The following data needs to be repeated exactly, with all images excluded.

***** INPUT DATA *****

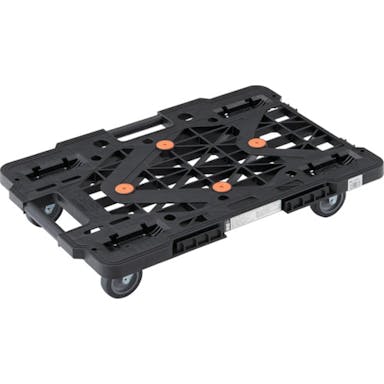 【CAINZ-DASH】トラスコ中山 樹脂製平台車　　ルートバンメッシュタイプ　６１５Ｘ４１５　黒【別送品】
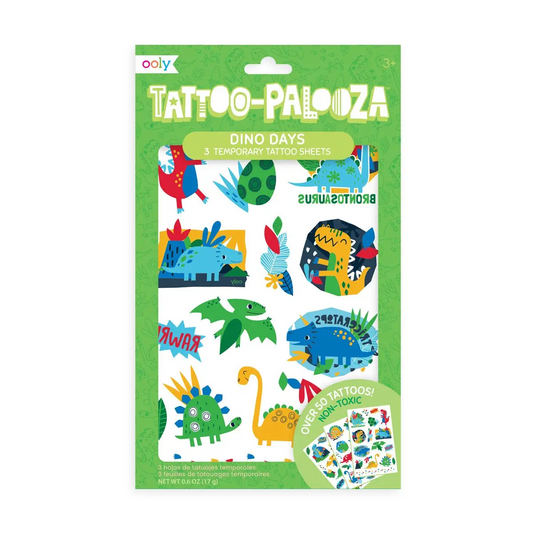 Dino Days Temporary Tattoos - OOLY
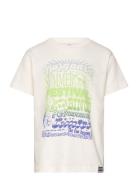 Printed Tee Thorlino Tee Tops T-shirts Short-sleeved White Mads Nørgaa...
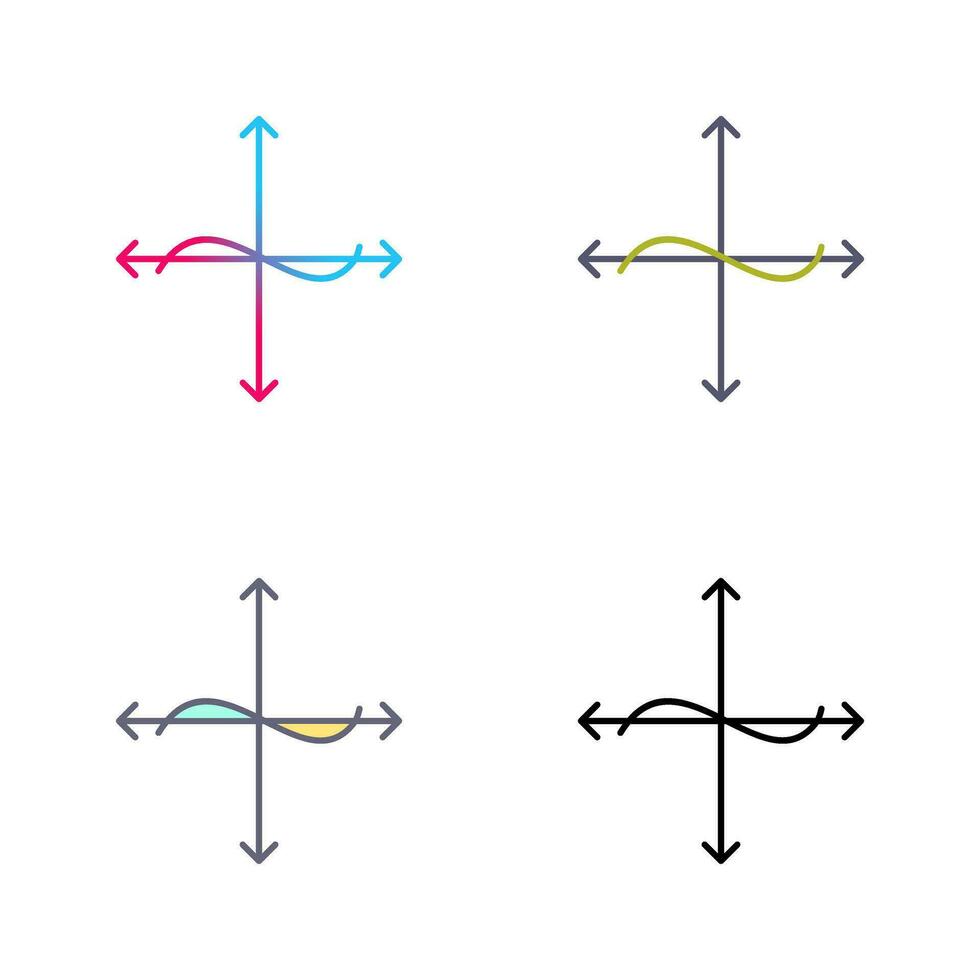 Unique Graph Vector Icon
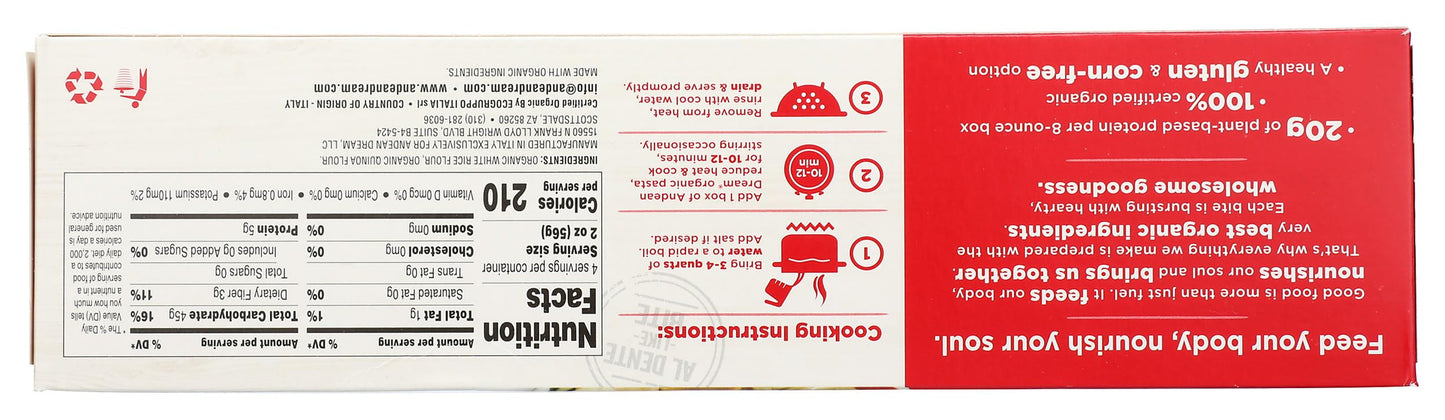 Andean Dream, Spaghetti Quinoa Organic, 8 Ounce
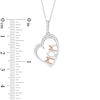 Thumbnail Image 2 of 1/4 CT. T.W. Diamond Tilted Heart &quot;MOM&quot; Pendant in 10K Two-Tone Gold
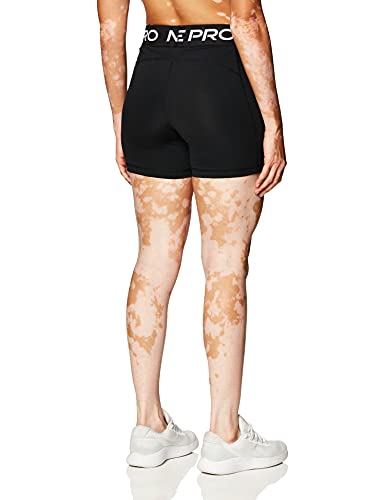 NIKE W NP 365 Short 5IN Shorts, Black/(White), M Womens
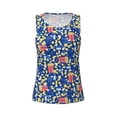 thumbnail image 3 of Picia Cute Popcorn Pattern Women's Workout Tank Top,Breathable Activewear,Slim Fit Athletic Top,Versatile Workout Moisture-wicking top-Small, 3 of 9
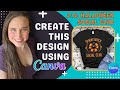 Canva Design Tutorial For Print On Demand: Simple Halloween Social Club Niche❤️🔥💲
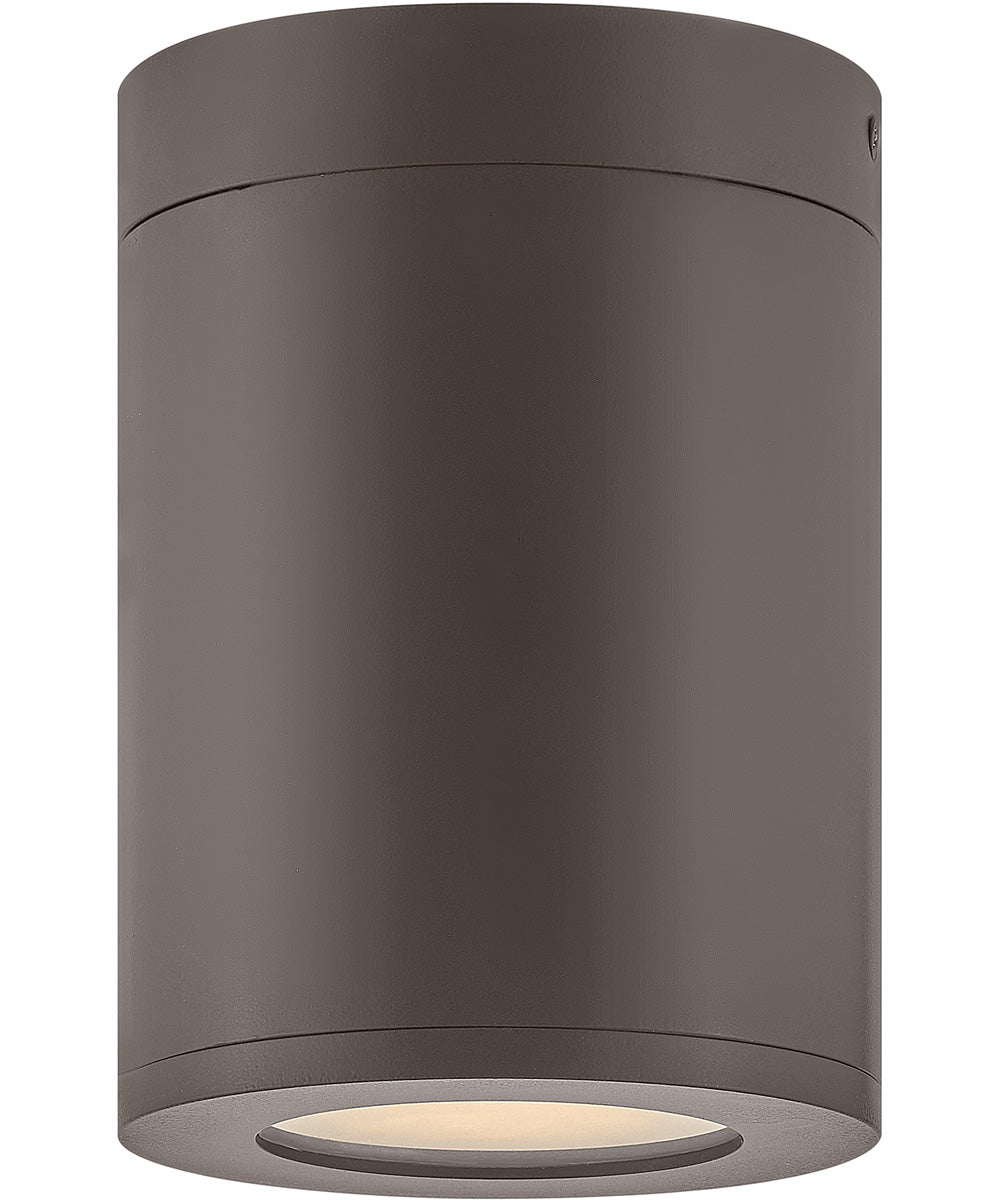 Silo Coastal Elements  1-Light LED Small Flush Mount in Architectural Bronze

*****

* [SOLUTION FOR THIS PROBLEM]:
 【CAINZ-DASH】トラスコ中山 樹脂製平台車　　ルートバンメッシュタイプ　６１５Ｘ４１５　黒【別送品】
 Dino Days Temporary Tattoos - OOLY
 Printed Tee Thorlino Tee Tops T-shirts Short-sleeved White Mads Nørgaa...
 Unique Graph Vector Icon
 Andean Dream, Spaghetti Quinoa Organic, 8 Ounce
 Thumbnail Image 2 of 1/4 CT. T.W. Diamond Tilted Heart &quot;MOM&quot; Pendant in 10K Two-Tone Gold
 NIKE W NP 365 Short 5IN Shorts, Black/(White), M Womens
 thumbnail image 3 of Picia Cute Popcorn Pattern Women's Workout Tank Top,Breathable Activewear,Slim Fit Athletic Top,Versatile Workout Moisture-wicking top-Small, 3 of 9
 Canva Design Tutorial For Print On Demand: Simple Halloween Social Club Niche❤️🔥💲
 Silo Coastal Elements  1-Light LED Small Flush Mount in Architectural Bronze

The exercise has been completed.